A la suite de la déclaration du président, les responsables américains ont prévenu que les Etats-Unis ne participeraient pas à une riposte directe contre l’Iran. «Nous ne voulons pas d’une guerre avec l’Iran, ni d’une escalade, ni d’un conflit régional», a élaboré dimanche John Kirby, le porte-parole du Conseil national de sécurité sur le plateau de la chaîne NBC. Mais il a reconnu qu’il appartenait à Israël de déterminer quelle serait sa réponse à l’attaque iranienne.
Ces derniers jours, le Pentagone a dénoncé le fait qu’Israël l’avait mis devant le fait accompli du bombardement contre le consulat iranien à Damas. Et il a réclamé d’être davantage informé des prochaines initiatives israéliennes. Après six mois de carnage à Gaza, de plus en plus critiqué par Joe Biden, les relations sont exécrables et la méfiance profonde vis-à-vis de Benyamin Netanyahou, même si les Etats-Unis promettent un soutien «inébranlable» à Israël pour se défendre contre l’Iran.

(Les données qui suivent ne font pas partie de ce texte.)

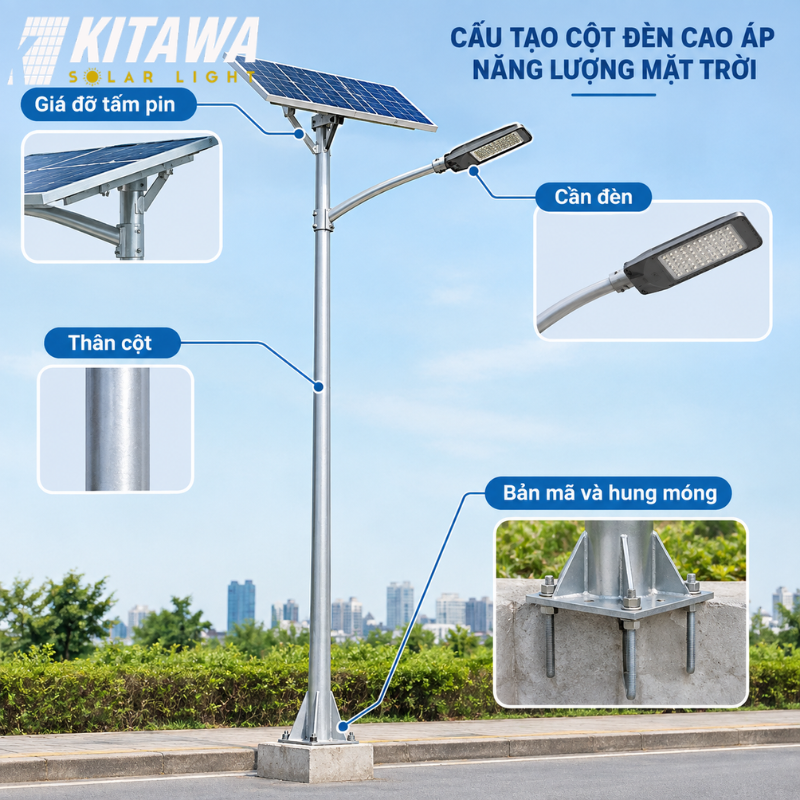 Cấu tạo cơ bản của cột đèn cao áp năng lượng mặt trời 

Pour répondre à l’attaque iranienne, Joe Biden, plutôt que de faire cavalier seul, veut consulter ses alliés du G7 pour mettre davantage de pression sur Téhéran. Cette riposte diplomatique est loin de convaincre les républicains aux EtatsUnis. Ils voient l’assaut sans précédent contre Israël comme la preuve de la faiblesse du président Joe Biden, lequel avait tenté d’en dissuader l’Iran.

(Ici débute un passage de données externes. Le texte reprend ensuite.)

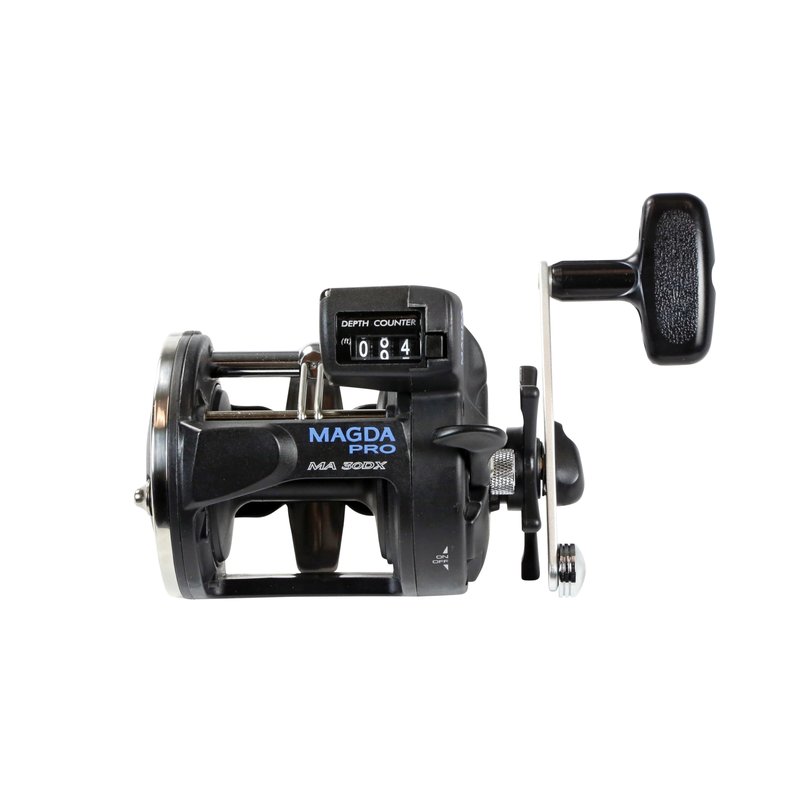 Okuma Magda Pro Line Counter Levelwind Trolling Reel, Small, Black/Silver, MA-30DX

Aide à Israël et à l’Ukraine débloquée
«Nous ne voulons pas d’une guerre avec l’Iran, ni d’une escalade, ni d’un conflit régional» JOHN KIRBY, PORTE-PAROLE DU CONSEIL NATIONAL DE SÉCURITÉ
«Seule l’administration Biden voit cela comme une victoire», raillait dimanche sur X le sénateur républicain de Caroline du Sud Lindsey Graham. Lors d’un meeting samedi soir en Pennsylvanie, Donald Trump a estimé que l’attaque iranienne ne serait «jamais arrivée» s’il avait toujours été à la Maison-Blanche. Cet argument invérifiable et resservi à toutes les sauces (pour l’invasion russe de l’Ukraine, le massacre du 7 octobre en Israël…) lui permet de ne pas trop s’avancer sur ce qu’il ferait à la place de Joe Biden. Sur la politique étrangère, le candidat est plutôt sur une ligne isolationniste, selon laquelle les Etats-Unis ne devraient pas se laisser entraîner dans des conflits à l’étranger.

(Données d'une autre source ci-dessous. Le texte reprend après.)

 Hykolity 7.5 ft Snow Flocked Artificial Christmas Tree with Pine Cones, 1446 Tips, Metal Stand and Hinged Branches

Certains anciens responsables de l’administration Trump sont plus va-t-en-guerre, comme son ex-conseiller à la sécurité nationale John Bolton et l’un des architectes de l’invasion désastreuse de l’Irak en 2003. «Israël doit rétablir une dissuasion et cela ne peut pas se faire par une réponse proportionnée. Il serait embarrassant que Joe Biden s’oppose à des frappes israéliennes sur l’Iran, notamment sur les installations nucléaires», a-t-il lancé sur CNN. Mais ces déclarations sont isolées. L’attaque iranienne pourrait avoir un autre effet aux Etats-Unis: débloquer de nouvelles aides militaires à Israël. Un paquet d’assistance, d’un montant de 95 milliards de dollars, dont la plus grande part est destinée à l’Ukraine, est bloquée depuis des mois par les républicains au Congrès.